"""

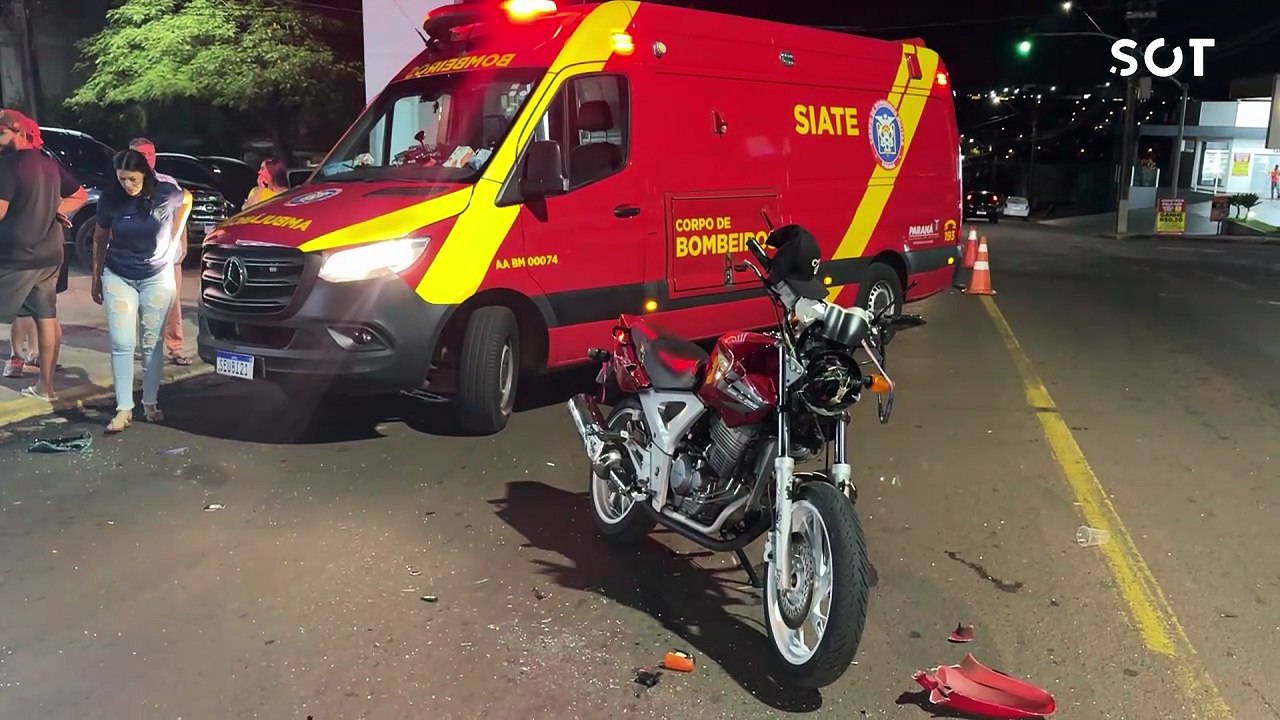 Jovem de 22 anos sofre fratura exposta na perna após forte colisão de trânsito no Bairro Periolo em Cascavel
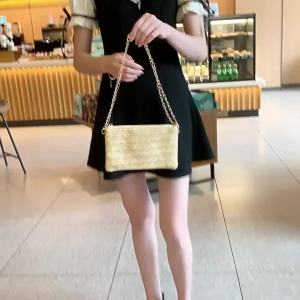 Túi Đeo Vai Mini Bằng Rơm Túi Vuông Nhỏ Thời Trang Túi Đựng Điện Thoại Di Động Có Dây Đeo Nhẹ Túi Xách Nữ Đa Năng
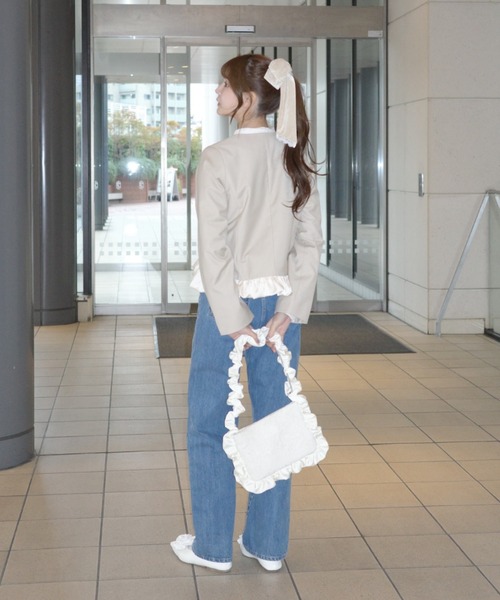 idem（イデム）の「blooming frill jacket / フリルデザインジャケット【セットアップ着用可能】（ノーカラージャケット・レディース・ベージュ/ブラック・FREE）」の19枚目の写真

"""

WHAT YOU ARE ASKED TO DO ▸ Quote all the lines above exactly as given. Do not include the pictures.

ANSWER SECTION ▸
 Jovem de 22 anos sofre fratura exposta na perna após forte colisão de trânsito no Bairro Periolo em Cascavel
 Túi Đeo Vai Mini Bằng Rơm Túi Vuông Nhỏ Thời Trang Túi Đựng Điện Thoại Di Động Có Dây Đeo Nhẹ Túi Xách Nữ Đa Năng
 idem（イデム）の「blooming frill jacket / フリルデザインジャケット【セットアップ着用可能】（ノーカラージャケット・レディース・ベージュ/ブラック・FREE）」の19枚目の写真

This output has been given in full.